Su questa tabella di marcia non dovrebbe influire l’eventuale uscita della Turchia dal programma. Con la determinazione dimostrata da Ankara nell’acquisizione del sistema russo S-400 per la difesa aerea, le distanze con Washington sono aumentate. Oltre a temere lo scivolamento geo-strategico di un importante alleato della Nato verso Mosca, gli Stati Uniti denunciano l’impossibilità di integrare l’S-400 nel sistema di difesa transatlantico, nonché l’eventualità che tale consegna permetta ai russi di carpire preziosi segreti sul caccia americano. Così, in estate, il Congresso aveva chiesto al Pentagono di elaborare un piano che indicasse i costi associati all’eventuale rimozione della Turchia dal programma. Qualche settimana fa, il dipartimento della Difesa ha presentato un report che certifica l’impossibilità di accettare la consegna del sistema russo ad Ankara, invitando i legislatori a lavorare insieme su come procedere. La scorsa settimana, maggiori dettagli sono arrivati dal vice sottosegretario Affari internazionali della Us Air Force Heid Grant. Le analisi del Pentagono, ha detto, mostrano che l’uscita della Turchia “non avrebbe impatti devastanti” sul sistema industriale che realizza il velivolo. In altre parole, il contributo dato dalle aziende turche sarebbe facilmente sostituito.

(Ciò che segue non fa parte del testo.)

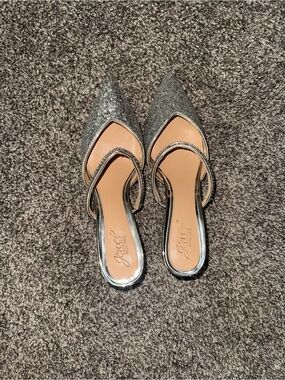 Jewel Badgley Mischka Silver Glitter Pointed Toe Slingback Mules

…E IL GIAPPONE AUMENTA L’IMPEGNO

Chi potrebbe invece aumentare la propria partecipazione al programma è il Giappone, che attualmente prevede di acquistare 42 F-35 A. Qualche giorno fa, Nikkei Asian Review ha rivelato la volontà del governo di Tokyo di predisporre l’acquisto di altri 100 velivoli, sia nella versione A che in quella B, a decollo corto e atterraggio verticale. Quest’ultima verrebbe impiegata (eventualità che è ancora in fase di studio) sui due cacciatorpediniere porta-elicotteri di classe Izumo, punta di lancia della flotta giapponese, considerati essenziali nel contrasto alla crescente assertività di Pechino nel Mar cinese orientale e nella disputa sulle isole Senkaku. L’acquisto di altri F-35 metterebbe però in difficoltà il progetto di un ibrido tra F-35 e F-22 per cui Tokyo ha chiesto informazioni a Lockheed Martin con l’obiettivo di sostituire la flotta attuale di intercettori, gli F-2 di Mitsubishi (programma indigeno basato sull’F-16 di Lockheed) e gli F-15J (evoluzione giapponese dell’F-15 Eagle). Il tutto, non occorre dirlo, si basa sull’intenzione giapponese di modernizzare il complesso della propria difesa, dando forte impulso al budget per il settore.

TEST PER IL SISTEMA AEGIS

Infine, per il costruttore Lockheed Martin è arrivata oggi la notizia su un altro importante prodotto. Un test sull’ultima evoluzione del combat system Aegis ha permesso di intercettare e ingaggiare con successo un missile balistico a raggio intermedio nello spazio. La novità del test, condotto dalla Marina Usa e dall’Agenzia di difesa missilistica (Mda), consiste nel fatto che l’intercettore, partito dal sistema Aegis Ashore alle Hawaii, ha seguito e colpito l’obiettivo grazie al tracciamento offerto da un sistema basato a terra a grande distanza dal sito di lancio. “L’ingaggio – spiega la Mda – ha sfruttato un’architettura di comando e controllo basata su spazio, aria e spazio, collegata dalla suite C2bmc (Command and control, battle management and communications) del sistema di difesa missilistica balistica”. La possibilità di utilizzare dati da sensori remoti aumenterebbe l’efficacia del sistema, compreso quello dispiegato in Romania (con annessa insofferenza russa) e quello ancora in fase di dispiegamento in Polonia (con altra abbondante insofferenza russa).